Hi everyone.  Only new to the forum.  Been reading alot of threads and already learnt heaps. 
My fiance and I have just bought a house at Margate in Queensland.  We have already got some plans going on that the missus has already drawn up.  Well it's a floor plan anyway  :Redface: P   
The house is a post war 3 bedroom house on stumps.  The exterior is wood cladding and the interior would appear to be asbestos.  We are still trying to figure out what to do there???  
The biggest part of our plan is to raise the house and build in underneath and making most of the bedrooms downstairs and of course more living space.   
It's going to be a long road to the end.  Espeacially because we have never done anything like this before.  I'm not a builder or anything,  but I am a fast learner  :Redface: )   
So first things first any advice on house raising and dealing with asbestos??? lol 
Thanks and I'll keep you all up to date as best as I can!!!!

----------


## seriph1

Welcome! Nice corner of the earth, Margate... my fam lives on the peninsula. Get asking your questions and searching the forum...you'll find a great wealth of knowledge ... have fun on your reno journey

----------


## Oldsaltoz

I waterproofed a place last year that was much the same as the place you describe.
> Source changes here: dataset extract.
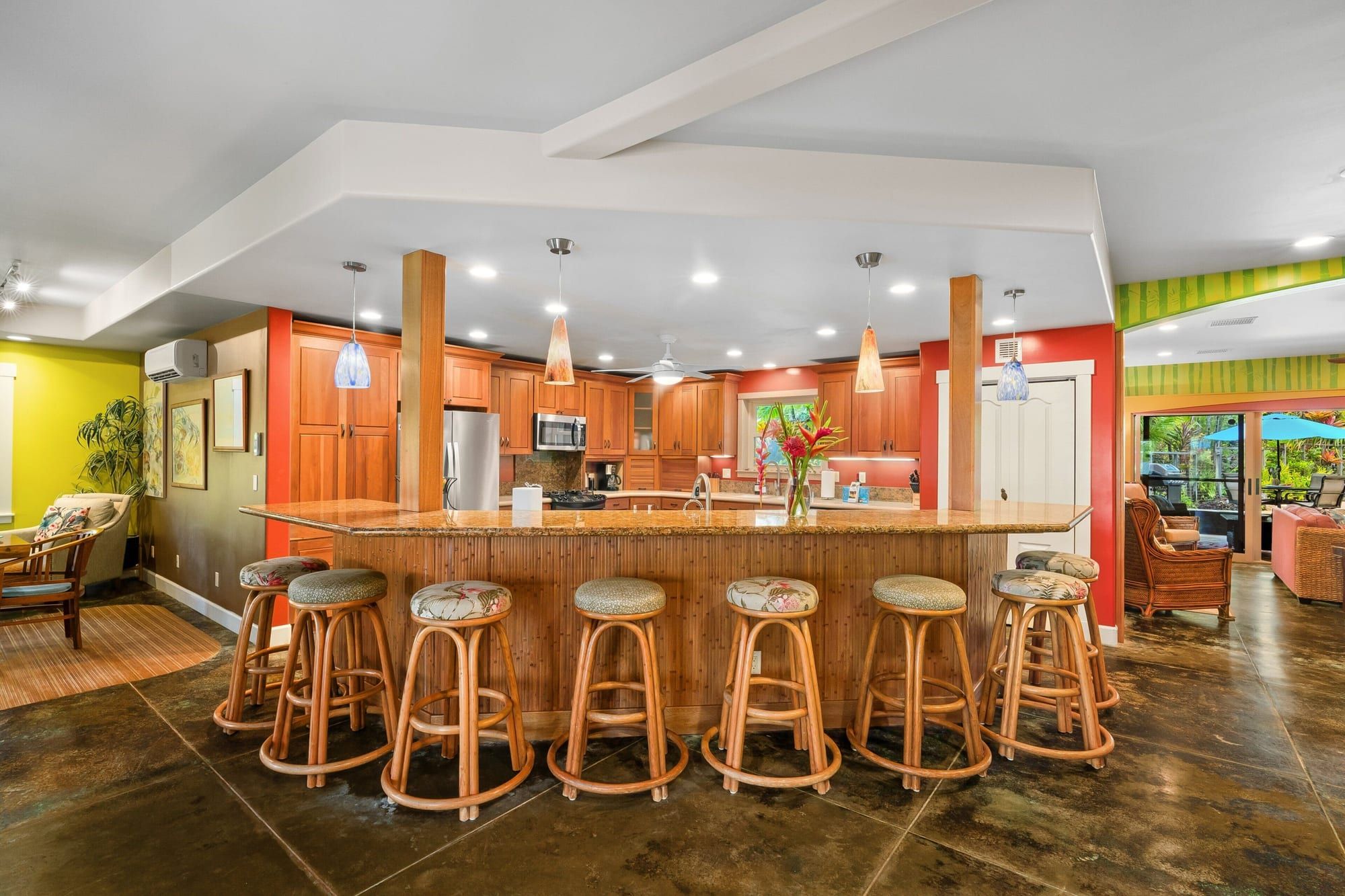 The long kitchen island with seven bar stools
The owner builder shifted the house into what was the front yard before doing any interior work apart from a bit of bracing for the lift. 
One moved he put down a new slab and included a steel support frame. The old house was then craned onto the new frame, power and water connected, steps fitted. 
New wall sheeting was applied over the old asbestos rather than removing it, but for a small area at the back that was the new ensuite to the master bedroom. 
Most of the original veranda was converted to room space and a new wider veranda built on 3 sides.
The steel upright supports were topped with RSJ's and more RSJ's supported the floor, the distance between slab and underside of the RSJ's was 2.6 metres. 
Under the house was enclosed and had the laundry, a double garage, and a huge rumpus room that faced the back yard with by-fold doors right across the back wall. 
The outside was clad with insulated alloy cladding, powder coated so low maintenance. 
All wet areas had the floor boards removed and fibre cement sheeting installed. 
Hope this helps. 
Good luck.  :Smilie:

----------


## Scotty_K

Wow that's pretty much what we want to do.  Any idea on the overall cost for all those improvements?  We have thought about just sheeting over the asdbestos that we don't have to remove.  Maybe we will go with that idea.  Thanks

----------


## Draffa

With Asbestos, my (laymans) opinion is that if you're not touching it and it's not broken, leave it. 
 My project has broken asbestos sheeting in the eaves, and the bathrooms both need to come out, so all the asbestos sheeting there is being removed (as well as a section of wall on the outside of the loungeroom, because it doesn't match the other 7/8ths of the house).  The majority of the internal roof is also asbestos sheet, but since it's neither broken nor having holes cut into it, it's staying.

----------